While sorting through all our ‘stuff’ in preparing for this move, one thing kept occurring to me over and over - this process of sorting though our things has helped me to remember so much that had simply, and understandably, slipped to the back burner.
I will not bore you with the intimate details of all the sappy sentimental stuff that I found, but I will say that I found so much that brought so many beautiful times and people to mind that I am so grateful those memories came back. It was good for the soul and body to laugh and to cry depending on the circumstance regarding the item in question. What was also neat was the idea that I was reminded of things that at some point I will want to share with my children as they have helped make me the man I am today.
Last year, I had the great fortune of my parents moving into a house they built right behind where we used to live in DeRidder. As part of their move, they brought, it seems, EVERY toy that my sister, Carolyn, and I had from our childhood. I must say it has been so much fun to rediscover so many toys that I had forgotten, and yet were SO much of a joy to me ‘back in the day.’ To see my own children enjoying those same toys in their own way is something I’ve really enjoyed, and I would never have had that experience had my parents not moved and emptied out their attic along the way.

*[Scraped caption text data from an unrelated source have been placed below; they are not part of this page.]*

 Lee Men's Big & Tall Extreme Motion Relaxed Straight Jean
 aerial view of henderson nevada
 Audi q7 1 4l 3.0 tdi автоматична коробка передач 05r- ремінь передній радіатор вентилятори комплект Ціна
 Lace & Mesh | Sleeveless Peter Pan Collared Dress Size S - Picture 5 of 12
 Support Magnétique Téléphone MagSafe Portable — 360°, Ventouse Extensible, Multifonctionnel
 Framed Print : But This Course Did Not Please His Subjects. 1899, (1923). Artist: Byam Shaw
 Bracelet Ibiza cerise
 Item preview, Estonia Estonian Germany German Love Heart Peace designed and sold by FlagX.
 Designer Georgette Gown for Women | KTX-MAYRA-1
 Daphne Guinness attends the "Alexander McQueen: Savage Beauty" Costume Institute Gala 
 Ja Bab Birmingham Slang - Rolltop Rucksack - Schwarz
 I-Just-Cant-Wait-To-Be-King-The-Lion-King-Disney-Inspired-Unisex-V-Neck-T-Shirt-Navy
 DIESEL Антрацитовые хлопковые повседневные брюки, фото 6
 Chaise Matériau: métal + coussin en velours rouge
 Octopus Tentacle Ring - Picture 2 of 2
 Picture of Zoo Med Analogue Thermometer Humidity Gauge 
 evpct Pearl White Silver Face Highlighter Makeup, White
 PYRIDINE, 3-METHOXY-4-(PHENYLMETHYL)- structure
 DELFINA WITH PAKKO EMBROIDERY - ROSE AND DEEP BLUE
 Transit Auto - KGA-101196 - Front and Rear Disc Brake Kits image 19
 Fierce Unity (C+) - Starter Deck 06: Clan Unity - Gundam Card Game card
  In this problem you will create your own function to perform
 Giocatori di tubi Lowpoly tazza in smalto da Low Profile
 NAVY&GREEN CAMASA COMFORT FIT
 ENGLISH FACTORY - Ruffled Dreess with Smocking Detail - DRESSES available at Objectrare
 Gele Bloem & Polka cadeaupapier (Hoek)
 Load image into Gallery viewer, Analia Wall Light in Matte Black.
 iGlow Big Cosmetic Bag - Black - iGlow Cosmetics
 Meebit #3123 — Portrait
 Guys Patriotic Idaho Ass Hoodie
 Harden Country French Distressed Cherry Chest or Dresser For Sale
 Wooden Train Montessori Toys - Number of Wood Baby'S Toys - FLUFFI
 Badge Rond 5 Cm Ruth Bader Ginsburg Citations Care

This whole idea of moving also got me to thinking about what is it that we are missing with respect to our faith when we do not take the time to revisit those things from our past that have had an impact on who we are with respect to our relationships with others as well as our faith in God?
What blessings have we forgotten because we have not taken the time to reflect and remember?
What toys have we put in the attic and forgotten about, when there is so much joy to rediscover and to share if we but bring down the boxes (tangible and metaphorical?)
What is it that is consciously or subconsciously holding us back because we refuse to take inventory of our stuff?
Just a few weeks ago, while at mom and dad’s, I saw Anna playing with the baseball bat my grandparents gave me as a little boy. I have been convinced for 33 years that bat had been lost in our move from Lake Charles to Pittsburgh. (Thank the Lord that I still had my Vida Blue glove - which was so good I used it to play softball in college.) When I asked mom and dad where it had been all these years, my father looked at me with a look that only a father can give a son and said, “Under the stairs in the basement, of course!” In other words, it had been right under my feet all along.
What is right under our feet if we would only but take time to clean out - if not for a physical move at least for a spiritual or emotional move?
This year, I was not expecting a move at all. However, I am grateful that through the process of this move (and my parent’s before mine), I got in touch with so many special memories.